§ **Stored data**
####
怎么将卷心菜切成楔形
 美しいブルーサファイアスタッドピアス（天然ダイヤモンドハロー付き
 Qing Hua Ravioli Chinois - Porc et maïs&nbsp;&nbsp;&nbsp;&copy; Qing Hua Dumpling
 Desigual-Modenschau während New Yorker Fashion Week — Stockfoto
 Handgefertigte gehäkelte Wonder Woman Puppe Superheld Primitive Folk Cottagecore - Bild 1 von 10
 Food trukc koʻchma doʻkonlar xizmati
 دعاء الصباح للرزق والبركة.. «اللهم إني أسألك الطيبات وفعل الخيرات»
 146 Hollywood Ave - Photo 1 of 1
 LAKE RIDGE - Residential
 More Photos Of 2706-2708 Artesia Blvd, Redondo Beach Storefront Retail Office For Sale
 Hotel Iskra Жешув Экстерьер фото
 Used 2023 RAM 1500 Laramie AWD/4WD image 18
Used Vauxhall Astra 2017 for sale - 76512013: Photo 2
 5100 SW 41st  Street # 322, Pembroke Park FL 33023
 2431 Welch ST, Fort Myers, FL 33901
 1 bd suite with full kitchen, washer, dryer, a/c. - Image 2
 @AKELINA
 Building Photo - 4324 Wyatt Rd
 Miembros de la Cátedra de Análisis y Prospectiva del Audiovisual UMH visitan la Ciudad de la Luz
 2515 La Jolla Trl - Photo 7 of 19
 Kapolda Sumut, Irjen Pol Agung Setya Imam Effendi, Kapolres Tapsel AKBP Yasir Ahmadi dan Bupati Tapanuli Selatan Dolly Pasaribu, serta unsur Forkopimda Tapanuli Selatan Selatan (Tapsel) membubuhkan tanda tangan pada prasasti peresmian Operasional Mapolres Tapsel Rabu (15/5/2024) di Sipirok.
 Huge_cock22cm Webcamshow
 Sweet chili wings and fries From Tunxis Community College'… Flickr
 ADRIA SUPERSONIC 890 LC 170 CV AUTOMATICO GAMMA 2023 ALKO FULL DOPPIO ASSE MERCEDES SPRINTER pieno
####
§ **Description of the task**
Please reproduce, word for word, every line from the line with "More Photos Of" to the final line above, including both ends.

§ **Solution to this task**
 More Photos Of 2706-2708 Artesia Blvd, Redondo Beach Storefront Retail Office For Sale
 Hotel Iskra Жешув Экстерьер фото
 Used 2023 RAM 1500 Laramie AWD/4WD image 18
Used Vauxhall Astra 2017 for sale - 76512013: Photo 2
 5100 SW 41st  Street # 322, Pembroke Park FL 33023
 2431 Welch ST, Fort Myers, FL 33901
 1 bd suite with full kitchen, washer, dryer, a/c. - Image 2
 @AKELINA
 Building Photo - 4324 Wyatt Rd
 Miembros de la Cátedra de Análisis y Prospectiva del Audiovisual UMH visitan la Ciudad de la Luz
 2515 La Jolla Trl - Photo 7 of 19
 Kapolda Sumut, Irjen Pol Agung Setya Imam Effendi, Kapolres Tapsel AKBP Yasir Ahmadi dan Bupati Tapanuli Selatan Dolly Pasaribu, serta unsur Forkopimda Tapanuli Selatan Selatan (Tapsel) membubuhkan tanda tangan pada prasasti peresmian Operasional Mapolres Tapsel Rabu (15/5/2024) di Sipirok.
 Huge_cock22cm Webcamshow
 Sweet chili wings and fries From Tunxis Community College'… Flickr
 ADRIA SUPERSONIC 890 LC 170 CV AUTOMATICO GAMMA 2023 ALKO FULL DOPPIO ASSE MERCEDES SPRINTER pieno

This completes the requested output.